The Boss's Day Charade: Why It's a Corporate Sham and That Absurd New Survey
Get ready. Sometime this week, an email with a subject line like "Let's Celebrate Our Amazing Leaders!" is going to land in your inbox, and you’ll feel that familiar pang of corporate-mandated dread. It’s National Boss’s Day, the annual ritual where we’re all supposed to pretend our relationship with the person who signs off on our paychecks is something pure and special, untainted by power dynamics or the fear of a looming layoff.
And this year, the PR machine is working overtime. A new survey from GroupTogether just dropped a bombshell: a whopping 75.9% of employees like their boss.
Seventy-five percent. Let that sink in.
This number is being paraded around like proof that the modern workplace is a utopia of mutual respect and mentorship. Ali Linz, the co-founder of the company that ran the survey, says in Boss’s Day Bombshell: 75% of Employees Actually LIKE Their Boss – New Survey Shatters Stereotypes that it "proves the clichéd stereotype of people hating their boss is outdated." I'm sure it does, Ali. I’m also sure that if you ask a hostage if they "like" the person holding the key, you're going to get a very polite, very positive answer.
The 75% Illusion
Let’s be real. "Like" is the most lukewarm, non-committal word in the English language. It’s what you say when you don’t want to cause trouble. The top reasons cited for this "liking" were that the boss "creates a great team culture" (translation: doesn't scream at us) and is a "nice person" (translation: remembers my name). This ain't exactly a ringing endorsement for visionary leadership. It’s the bare minimum.
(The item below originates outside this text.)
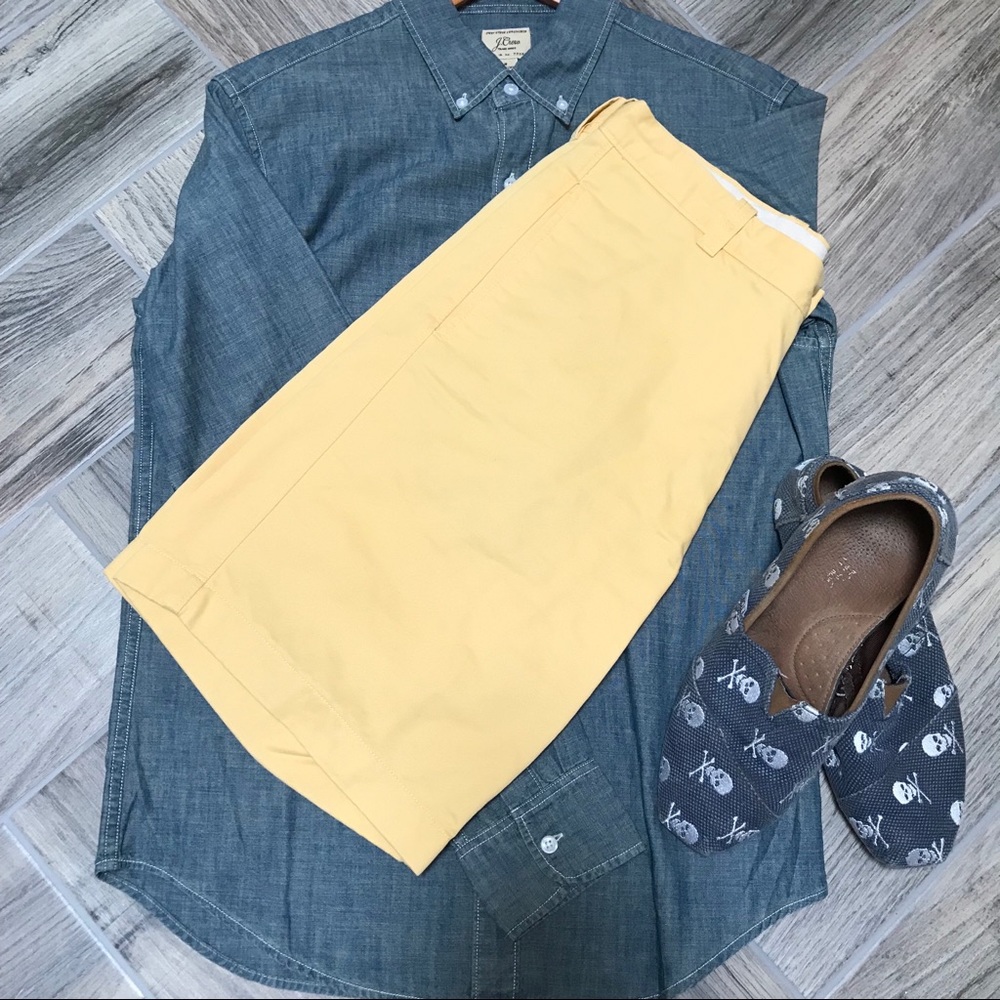 Men’s J. Crew Broken-In Yellow Shorts, Size 32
This whole song and dance ignores the fundamental tension of the workplace, a tightrope walk psychologist Paul White calls the "damned if you do and damned if you don't" problem. Chip in for a gift and you’re a suck-up. Don't, and you’re not a team player. Send the heartfelt email, and you risk sounding ingratiating. Stay silent, and you seem ungrateful. It’s a social minefield designed by HR departments to generate engagement points.
And what about the 47% of workers who, according to HR Dive, feel pressured to not be fully honest in engagement surveys? How many of them are part of that magical 75%? It’s a nice story. No, "nice" isn't the word—it's a convenient, marketable fiction that helps sell the products that are really in charge.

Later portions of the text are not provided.